2.1 Measures of Central Tendency#
mean = df_c["addit1"].mean() # Arithmetic mean
median = df_c["addit1"].median() # Middle value
print(f"Mean: {mean}")
print(f"median: {median}")
Mean: 0.9530791788856305
median: 1.0
2.2 Measures of Dispersion#
std_dev = df_y["IQ_Vocab"].std() # Standard deviation
variance = df_y["IQ_Vocab"].var() # Variance
quantiles = df_y["IQ_Vocab"].quantile([0.25, 0.5, 0.75]) # Quartiles
print(f"Standard deviation: {std_dev}")
print(f"Variance: {variance}")
print("Quantiles: ")
print(quantiles)
Standard deviation: 8.125015262500927
Variance: 66.015873015873
Quantiles:
0.25 60.0
0.50 64.0
0.75 70.0
Name: IQ_Vocab, dtype: float64
2.3 .describe()
method#
Alternatively, pandas
offer us a convenient way to get a first statistical summary. The count
column will tell you how many values were used for the calculations in each column.
df_subset = df_c.iloc[:, :5] # subset only the first 5 columns
df_subset.describe()
Unnamed: 0 | addit1 | addit2 | addit3 | addit4 | |
---|---|---|---|---|---|
count | 341.000000 | 341.000000 | 341.000000 | 341.000000 | 341.000000 |
mean | 171.000000 | 0.953079 | 0.926686 | 0.879765 | 0.935484 |
std | 98.582453 | 0.211780 | 0.261034 | 0.325714 | 0.246031 |
min | 1.000000 | 0.000000 | 0.000000 | 0.000000 | 0.000000 |
25% | 86.000000 | 1.000000 | 1.000000 | 1.000000 | 1.000000 |
50% | 171.000000 | 1.000000 | 1.000000 | 1.000000 | 1.000000 |
75% | 256.000000 | 1.000000 | 1.000000 | 1.000000 | 1.000000 |
max | 341.000000 | 1.000000 | 1.000000 | 1.000000 | 1.000000 |
2.4 Mode, correlation, contingency tables#
# MODE
mode_value = df_c["class"].mode() # Most frequent value(s)
print("Mode:", mode_value.tolist()) # We use .tolist() to prettify the output
print()
# CORRELATION MATRIX
correlation_matrix = df_c.iloc[:, :5].corr()
print("Correlation Matrix:")
print(correlation_matrix)
print()
# CONTINGENCY TABLE (CROSS-TABULATION)
contingency_table = pd.crosstab(df_y["Gender"], df_y["Handedness"])

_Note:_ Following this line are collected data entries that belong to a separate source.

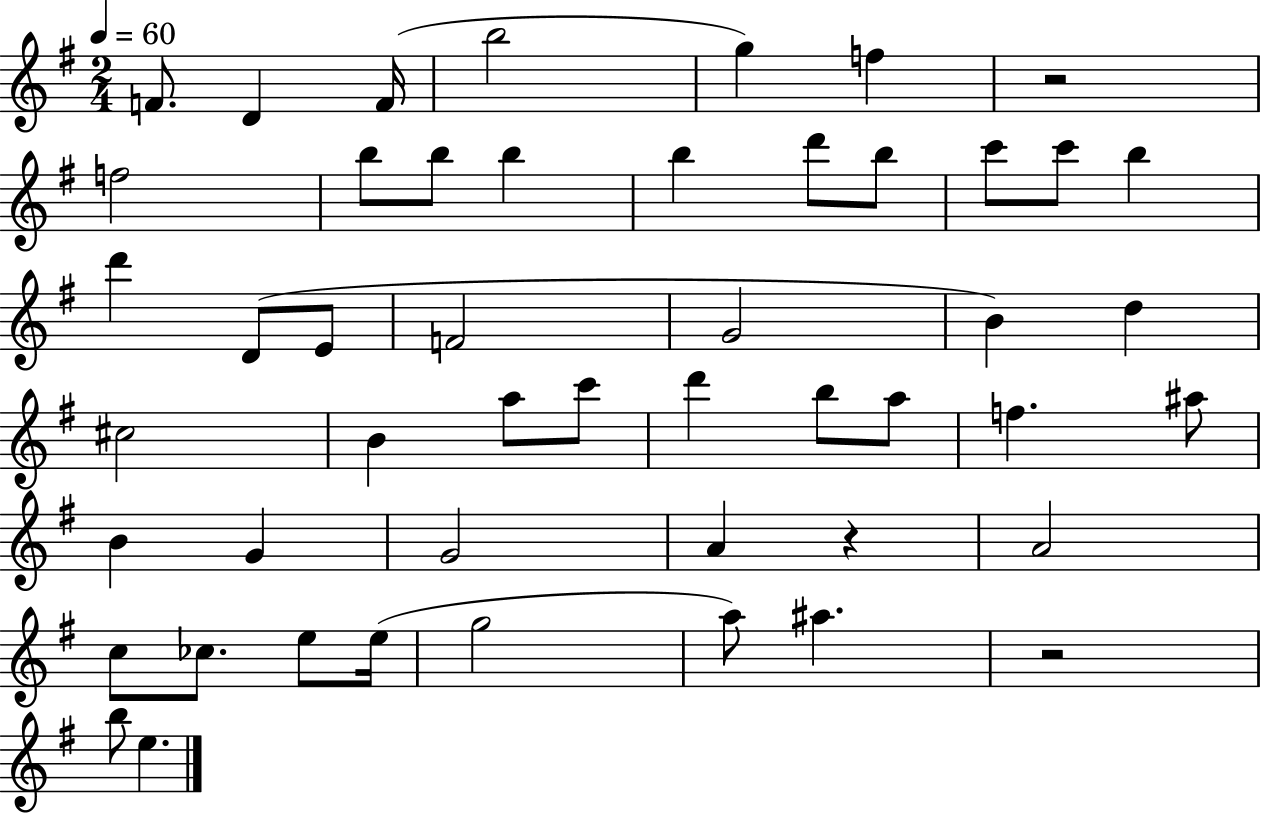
X:1
T:Untitled
M:2/4
L:1/4
K:G
F/2 D F/4 b2 g f z2 f2 b/2 b/2 b b d'/2 b/2 c'/2 c'/2 b d' D/2 E/2 F2 G2 B d ^c2 B a/2 c'/2 d' b/2 a/2 f ^a/2 B G G2 A z A2 c/2 _c/2 e/2 e/4 g2 a/2 ^a z2 b/2 e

print("Contingency Table:")
print(contingency_table)
Mode: ['second']
Correlation Matrix:
Unnamed: 0 addit1 addit2 addit3 addit4
Unnamed: 0 1.000000 0.096782 0.076920 0.300166 0.124174
addit1 0.096782 1.000000 -0.009205 0.045889 0.111074
addit2 0.076920 -0.009205 1.000000 0.207355 0.017728
addit3 0.300166 0.045889 0.207355 1.000000 0.196536
addit4 0.124174 0.111074 0.017728 0.196536 1.000000
Contingency Table:
Handedness Left Right
Gender
Female 4 29
Male 0 33
A contingency table summarizes the relationship between two categorical variables. It is useful for understanding frequency distributions across groups (e.g., how handedness varies by gender).
Other Useful Descriptive Statistics to Consider#
Skewness and Kurtosis: Insight into the shape of distributions.

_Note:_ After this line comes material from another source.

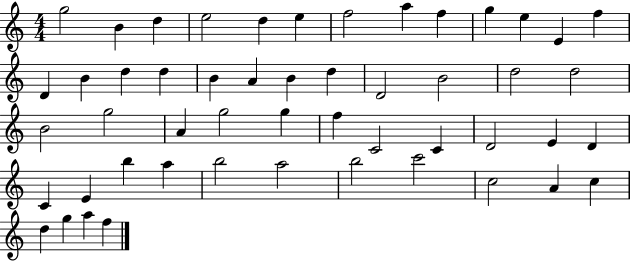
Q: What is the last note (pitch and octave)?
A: F5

Range and IQR (Interquartile Range): For detecting outliers.
Z-scores: Standardized scores help identify outliers or compare variables on a common scale.
Value counts: Great for summarizing categorical variables.
# SKEWNESS AND KURTOSIS
skewness = df_c["addit1"].skew()
kurtosis = df_c["addit1"].kurt()
print(f"Skewness: {skewness}")
print(f"Kurtosis: {kurtosis}")
Skewness: -4.304014813618405
Kurtosis: 16.622000435026045
Skewness measures the asymmetry of the distribution. A skewness close to 0 indicates a symmetric distribution.
Kurtosis indicates the “tailedness” of the distribution—higher values mean more extreme outliers.
# RANGE AND IQR
range_value = df_y["IQ_Matrix"].max() - df_y["IQ_Matrix"].min()
iqr = df_y["IQ_Matrix"].quantile(0.75) - df_y["IQ_Matrix"].quantile(0.25)
print(f"Range: {range_value}")
print(f"IQR (Interquartile Range): {iqr}")
Range: 35.0
IQR (Interquartile Range): 7.5
Range shows the spread between the highest and lowest values.
IQR (Interquartile Range) captures the middle 50% of the data and is robust to outliers.
# VALUE COUNTS
value_counts = df_y["Gender"].value_counts()
print("Value Counts for 'Gender':")
print(value_counts)
Value Counts for 'Gender':
Gender
Male 39
Female 37
Name: count, dtype: int64
Value counts show the frequency of each category in a categorical column—ideal for understanding group sizes.
# Z-SCORES
from scipy.stats import zscore
z_scores = zscore(df_c["addit1"].dropna())
print("Z-scores (first 5):", z_scores[:5])
Z-scores (first 5): [0.22188008 0.22188008 0.22188008 0.22188008 0.22188008]
Z-scores standardize values relative to the mean and standard deviation, helping identify how far a value is from the average.